By Elizabeth O'Brien, BSc, Grad Dip in Educational Studies (Health Educ’n), Manager, Global Lead Advice & Support Service (GLASS) run by The LEAD Group Inc. Australia

The LEAD Group is a Health Promotion Charity aiming to eliminate lead poisoning globally and all the information we put together in these Info Packs has been collated or written by myself or volunteers.
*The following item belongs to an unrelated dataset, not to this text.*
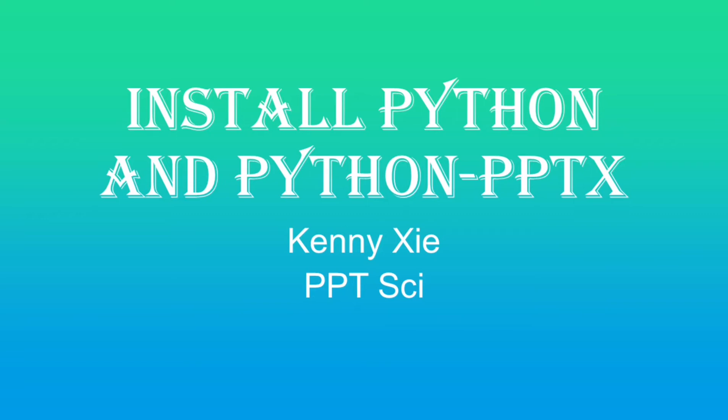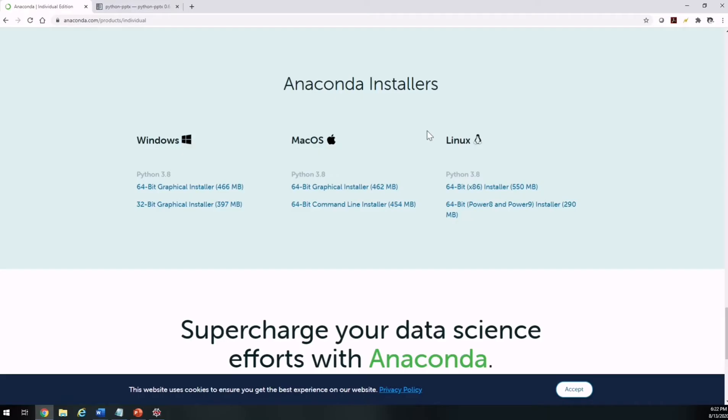Hi, my name is Kenny. If you ever think that making PowerPoint is the most boring thing to do, you are not alone. One way to overcome it is to use Python. What is Python? It is a programming language and it can do a lot of things, especially automating a lot of things for you. It can help you make PowerPoint in no time.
It is ALWAYS useful to know the current blood lead level even when you suspect that a person is no longer exposed to much lead today. A blood lead test result can demonstrate that despite no obvious sources or pathways of current lead poisoning, lead is indeed currently being taken up. Additionally, the movement of lead out of the bone stores and back into the bloodstream is a complex business and not all the provocations for that movement are fully understood. So in every situation where a person may have been lead poisoned earlier, there should always be a blood lead test done now.

Anyone who has ever had a job or hobby involving lead could very usefully fill in the questionnaire at Medical_Evaluation_For_Lead_Exposure_Modified_by_The_LEAD_Group_20101102.pdf as much as you can and take it to a doctor to complete. A blood lead test result can demonstrate that despite no obvious sources or pathways of current lead poisoning, lead is indeed currently being taken up. Additionally, the movement of lead out of the bone stores and back into the bloodstream is a complex business and not all the provocations for that movement are fully understood. So in every situation where a person may have been lead poisoned earlier, there should always be a blood lead test done now, measures taken to determine if recent lead exposure is likely, clean-up if so and then a retest of the blood lead.

Depending on the result, and the person's (or other family members') known previous blood lead results, and the known history of lead exposure, there will be differing recommended responses in following up the current blood lead result. 

The official policy coming from all the doctors and professors on The LEAD Group's Technical Advisory Board is that apart from nutritional intervention and identifying sources and removing the sources or removing the person from the sources (in order to prevent further poisoning), nothing else can safely be done for a lead poisoned person unless they need chelation because the blood lead level of a child is above 45 µg/dL or of an adult is above 70 µg/dL. This position is well-supported by the following guidance documents from the United States - the centre of the universe when it comes to lead poisoning prevention policies:

1. Table 3.1. Summary of Recommendations for Children with Confirmed (Venous) Elevated Blood Lead Levels, and Table 3.4. Schedule for Follow-Up Blood Lead Testing in "Managing Elevated Blood Lead Levels Among Young Children: Recommendations from the Advisory Committee on Childhood Lead Poisoning Prevention" at http://www.cdc.gov/nceh/lead/CaseManagement/chap3.pdf (also accessible via www.cdc.gov/nceh/lead/CaseManagement/caseManage_main.htm)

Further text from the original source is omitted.